• [What you are asked to do]: Take the line containing "So I'll leave" and every line after it to the end of the records, and copy them exactly, excluding pictures.

• [Material provided]:
---
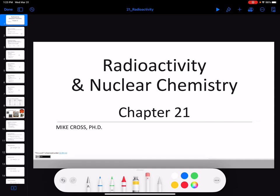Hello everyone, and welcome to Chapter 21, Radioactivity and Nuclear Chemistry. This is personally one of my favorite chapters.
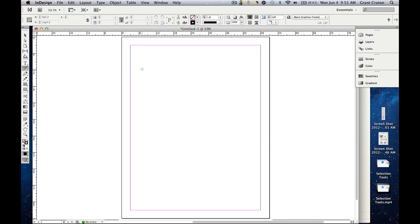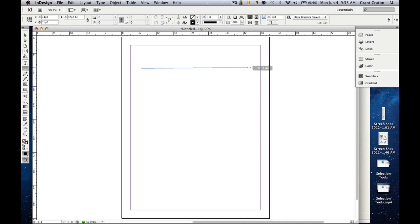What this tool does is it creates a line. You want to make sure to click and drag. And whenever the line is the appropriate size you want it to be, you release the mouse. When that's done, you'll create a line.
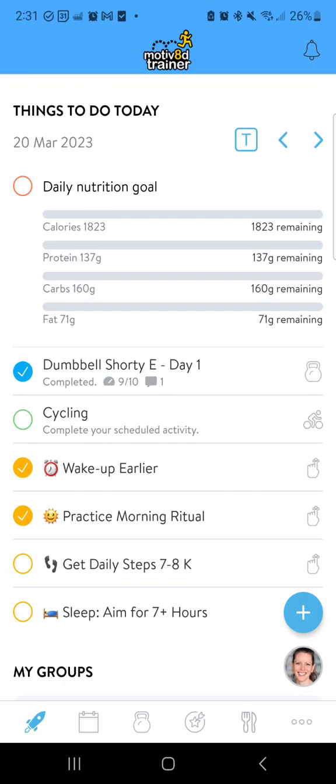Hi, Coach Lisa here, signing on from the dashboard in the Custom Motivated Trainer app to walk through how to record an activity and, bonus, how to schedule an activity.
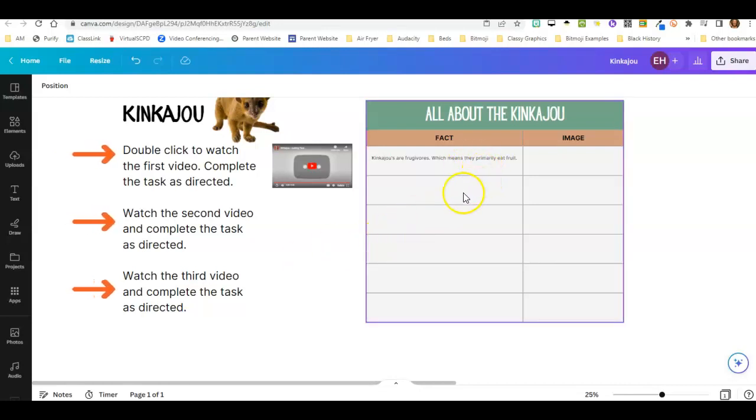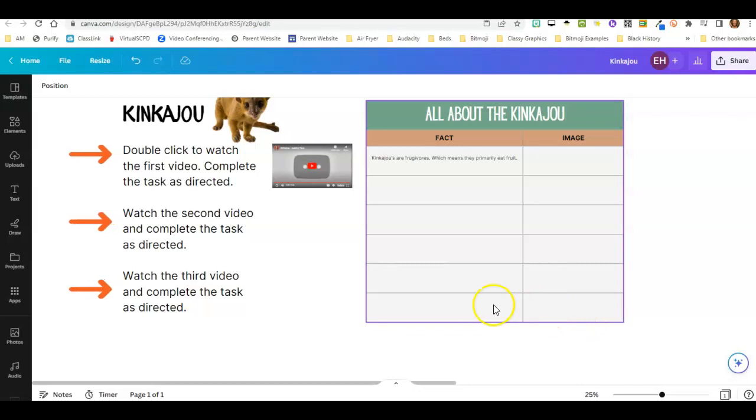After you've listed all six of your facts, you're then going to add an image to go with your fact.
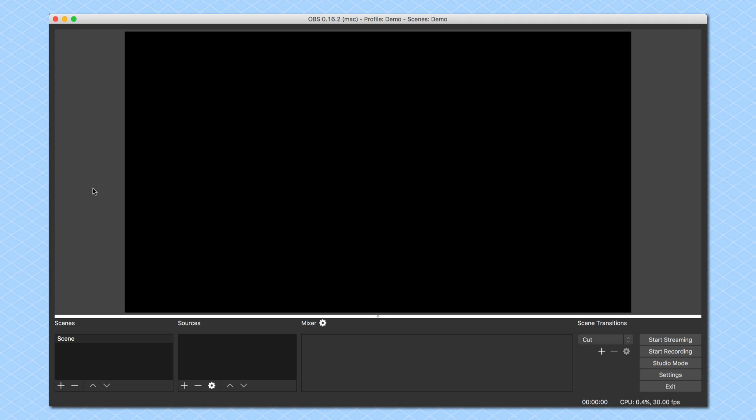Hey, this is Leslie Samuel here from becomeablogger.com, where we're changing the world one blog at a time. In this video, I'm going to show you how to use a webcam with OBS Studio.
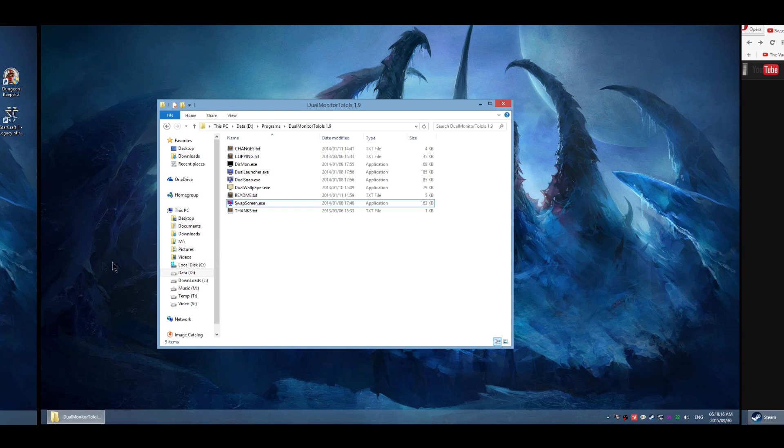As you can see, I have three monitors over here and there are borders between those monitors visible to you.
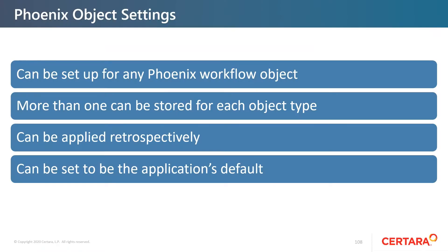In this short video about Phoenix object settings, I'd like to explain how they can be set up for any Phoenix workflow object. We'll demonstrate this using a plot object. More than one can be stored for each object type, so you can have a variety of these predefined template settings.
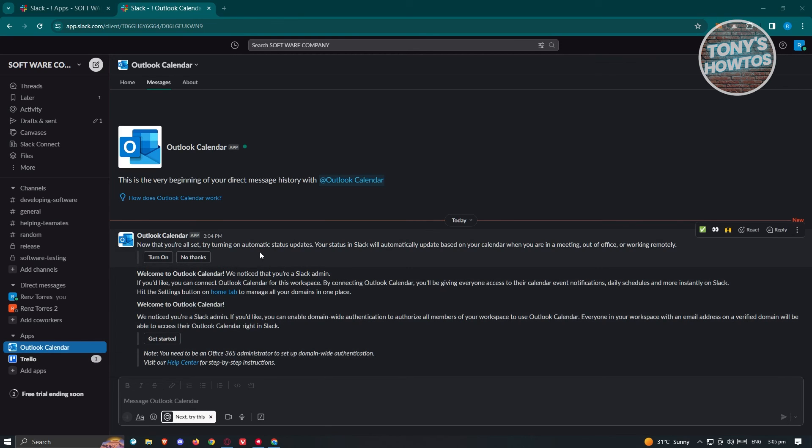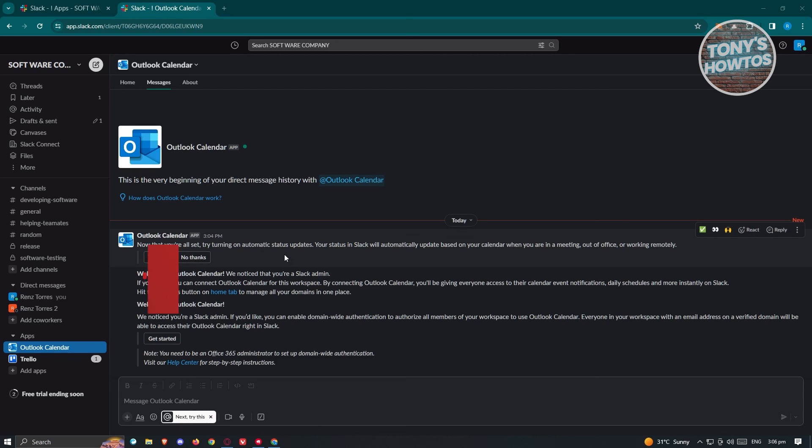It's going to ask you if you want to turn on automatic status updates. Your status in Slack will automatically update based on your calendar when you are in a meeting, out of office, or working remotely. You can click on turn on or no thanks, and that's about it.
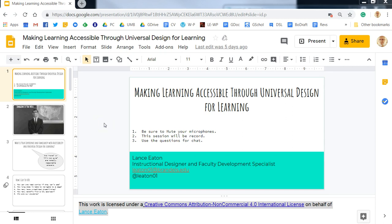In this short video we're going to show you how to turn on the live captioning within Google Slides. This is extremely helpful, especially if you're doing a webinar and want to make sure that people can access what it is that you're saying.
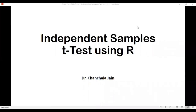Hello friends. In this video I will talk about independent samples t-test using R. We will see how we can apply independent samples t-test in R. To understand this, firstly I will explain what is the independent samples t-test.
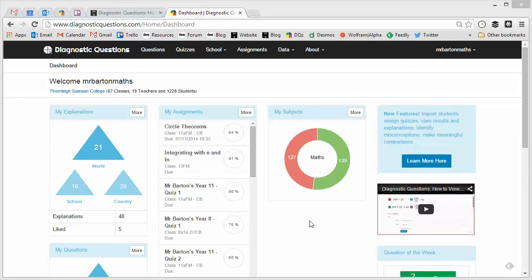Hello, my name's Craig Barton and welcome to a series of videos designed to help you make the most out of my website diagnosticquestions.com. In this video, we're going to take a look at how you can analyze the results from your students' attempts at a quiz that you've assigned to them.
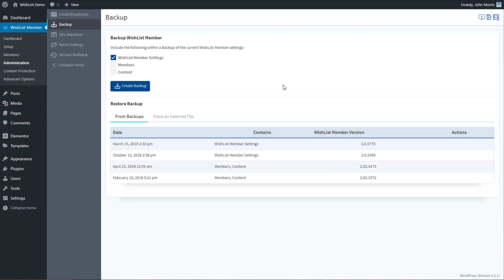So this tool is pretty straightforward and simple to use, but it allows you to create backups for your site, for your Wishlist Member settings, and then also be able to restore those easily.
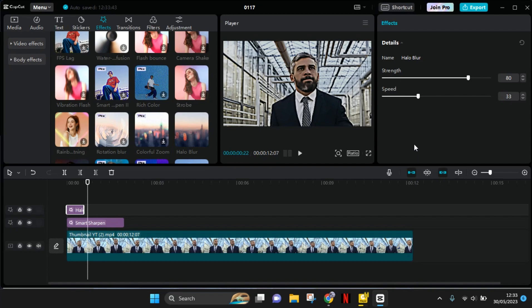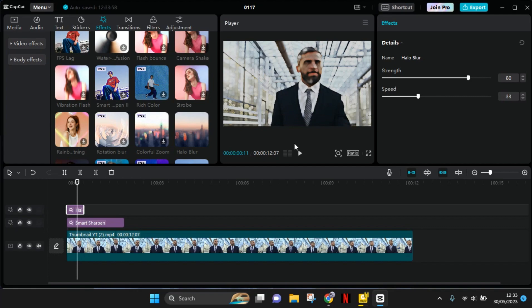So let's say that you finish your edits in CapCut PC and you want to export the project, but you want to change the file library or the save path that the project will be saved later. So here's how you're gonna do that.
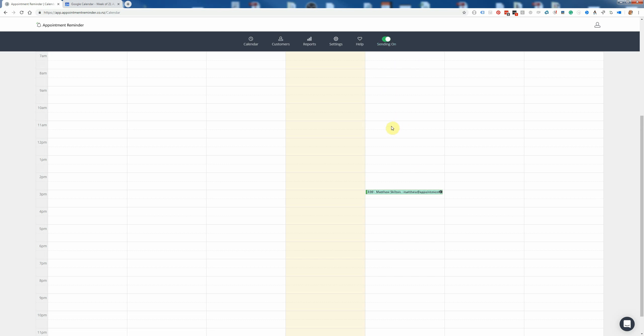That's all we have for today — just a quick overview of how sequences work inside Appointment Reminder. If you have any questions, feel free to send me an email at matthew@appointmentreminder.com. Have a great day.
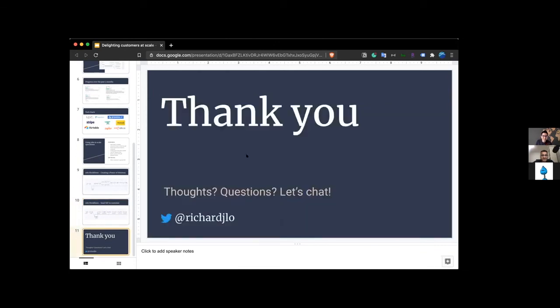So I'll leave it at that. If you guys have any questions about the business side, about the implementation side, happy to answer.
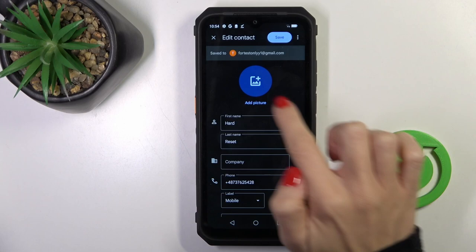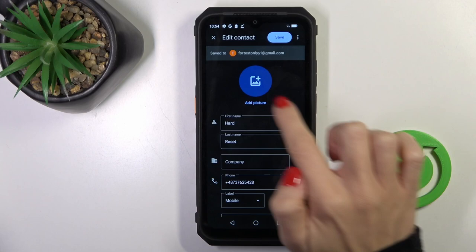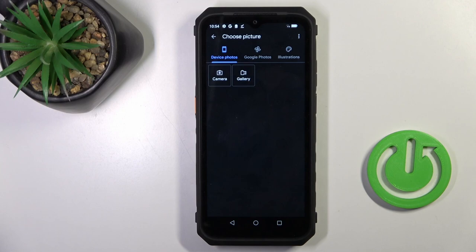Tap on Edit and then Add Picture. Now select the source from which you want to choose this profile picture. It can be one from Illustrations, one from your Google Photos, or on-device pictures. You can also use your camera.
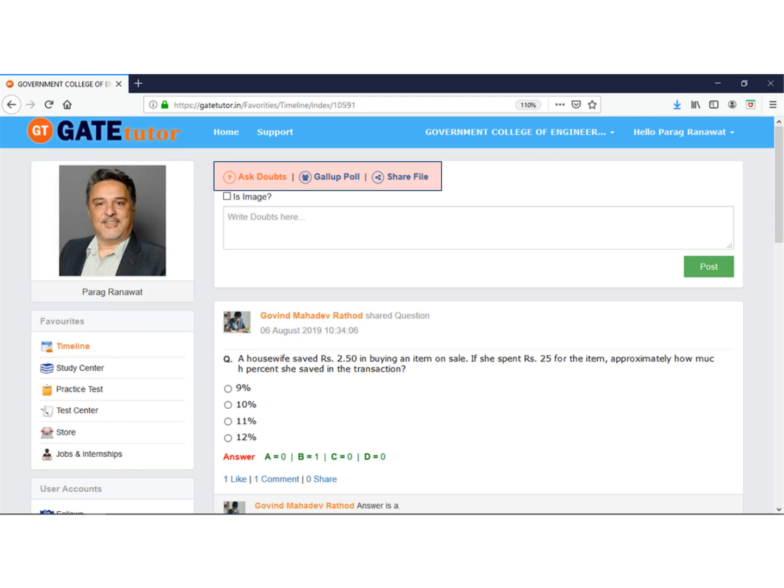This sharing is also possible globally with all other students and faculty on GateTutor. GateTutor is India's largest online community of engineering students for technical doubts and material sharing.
---
• [Written solution]:
So I'll leave it at that. If you guys have any questions about the business side, about the implementation side, happy to answer.
Tap on Edit and then Add Picture. Now select the source from which you want to choose this profile picture. It can be one from Illustrations, one from your Google Photos, or on-device pictures. You can also use your camera.
This sharing is also possible globally with all other students and faculty on GateTutor. GateTutor is India's largest online community of engineering students for technical doubts and material sharing.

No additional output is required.